This is one we're not goign to agree on, Shek. 

I think honestly think that the bottom line is that one of many result clusters was an outlier, hence the researcher excluded it from the numerical analysis. Bravo - that's precisely what researchers should do.
Not only that, this particular set was an outlier that would have bolstered the researcher's main point (which is that mortality in post war Iraq is much greater than previous studies had suggested), yet even then they excluded it.  Double bravo.

The fact that they included information about this set, discussed the results they got and the logic that lead them to exclude it is by no means a disqualification - in almost every case I am quite happy to get additional information about what sets were excluded and what was the thinking behind that exclusion - *nothing* wrong with that.

Two further points;

1- It's pretty funny to see an unabashed politcal pundit like Mr. Frum use their *exclusion* of data from a previous survey as an indication that "the Bloomberg team" has "a record of doing their work improperly".  No, Mr. Frum; exclusing that set was absolutely the proper thing to do. 

2- Mr. Frum's conclusion seems to have his numbers wrong. If you are right, Shek, the excluded numbers would have resulted in an additional 56k deaths had they been included (which they were not).  Yet Mr. Frum talks about 200,000 (???) and everybody agrees that the Lancet did not use that data set, so the total error caused by this was.... a big fat zero. 

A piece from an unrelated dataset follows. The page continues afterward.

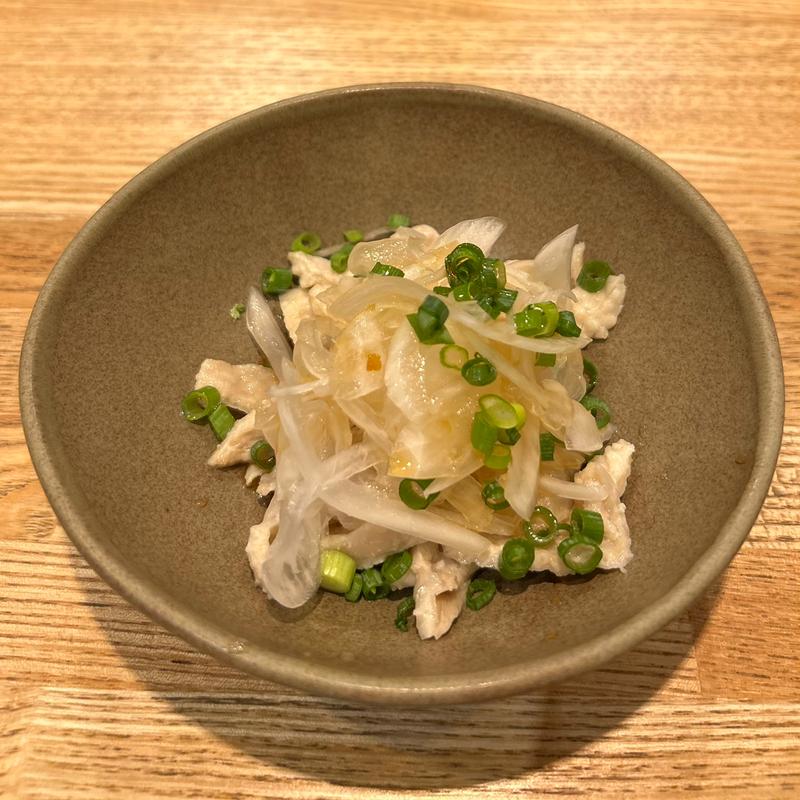 イタリアの鶏皮ぽんず(焼鳥さむしん)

Where he gets this is from is the fact that within that nation-wide survey, one data set (that refering to population living near Fallujah) was a statistical 'outlier', that is, not coherent with the rest of the survey's findings.  Because of that, during the statistical analysis portion of the survey, the Jhons Hopkins medical school team decided to exclude that data set.  Not only is that good statistics (the exclusion of outliers is a bog-standard aspect of statistical analysis), it's actually a conservative approach that tends to minimize (not increase) measured casualties. 
Furthermore, the Jhons Hopkins team published not only their top line results but also the methodology followed and even the data sets that were *excluded* from the final results.  Far from being "a record of doing their work improperly", that's the hallmark of a carefully done and thoroughly documented scientific research.

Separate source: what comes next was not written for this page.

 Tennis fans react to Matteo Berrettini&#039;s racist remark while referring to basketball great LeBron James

To claim that excluding the Fallujah data was done in a professional and scientific manner is laughable.  To have included it would have totally tanked their findings, as the Fallujah outlier was so large as to be completely indefensible.  Yet, you could see how much it pained them to exclude it, as they continued to cite results using the Fallujah cluster despite the fact that it wasn't plausible (keep in mind that the study was completed prior to the November 2004 Operation "Al Fajr").  The Fallujah results are discussed in 5 of the 7 pages of discussion from the study article.  If the results were such an outlier, why discuss them in such depth across nearly the entire paper while making statements that maybe it might not be such an outlier (as if other neighborhoods would yield an extrapolation of 56K KIA!).

 

Here's what I wrote last year on this:

 

 Fallujah. “In Falluja, the team noted that vast areas of the city had been devastated to an equal or worse degree than the area they had randomly chosen to survey.”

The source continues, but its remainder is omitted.